## YOUR GOAL
Complete, exact copies of all entries are needed.

[Source records]
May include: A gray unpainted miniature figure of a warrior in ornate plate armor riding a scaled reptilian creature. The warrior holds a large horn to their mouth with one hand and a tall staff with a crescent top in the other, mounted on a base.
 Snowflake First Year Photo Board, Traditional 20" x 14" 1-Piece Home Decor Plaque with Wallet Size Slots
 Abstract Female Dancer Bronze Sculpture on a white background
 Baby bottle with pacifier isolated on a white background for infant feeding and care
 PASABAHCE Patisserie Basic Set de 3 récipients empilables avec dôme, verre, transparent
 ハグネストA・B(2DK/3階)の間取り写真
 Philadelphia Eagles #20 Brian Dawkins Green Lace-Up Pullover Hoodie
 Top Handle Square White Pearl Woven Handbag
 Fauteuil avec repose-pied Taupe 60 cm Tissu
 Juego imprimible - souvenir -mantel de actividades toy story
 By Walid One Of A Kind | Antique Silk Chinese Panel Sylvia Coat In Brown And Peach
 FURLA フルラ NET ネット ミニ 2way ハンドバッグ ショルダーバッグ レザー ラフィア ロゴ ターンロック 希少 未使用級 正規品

## COMPLETED EXERCISE
May include: A gray unpainted miniature figure of a warrior in ornate plate armor riding a scaled reptilian creature. The warrior holds a large horn to their mouth with one hand and a tall staff with a crescent top in the other, mounted on a base.
 Snowflake First Year Photo Board, Traditional 20" x 14" 1-Piece Home Decor Plaque with Wallet Size Slots
 Abstract Female Dancer Bronze Sculpture on a white background
 Baby bottle with pacifier isolated on a white background for infant feeding and care
 PASABAHCE Patisserie Basic Set de 3 récipients empilables avec dôme, verre, transparent
 ハグネストA・B(2DK/3階)の間取り写真
 Philadelphia Eagles #20 Brian Dawkins Green Lace-Up Pullover Hoodie
 Top Handle Square White Pearl Woven Handbag
 Fauteuil avec repose-pied Taupe 60 cm Tissu
 Juego imprimible - souvenir -mantel de actividades toy story
 By Walid One Of A Kind | Antique Silk Chinese Panel Sylvia Coat In Brown And Peach
 FURLA フルラ NET ネット ミニ 2way ハンドバッグ ショルダーバッグ レザー ラフィア ロゴ ターンロック 希少 未使用級 正規品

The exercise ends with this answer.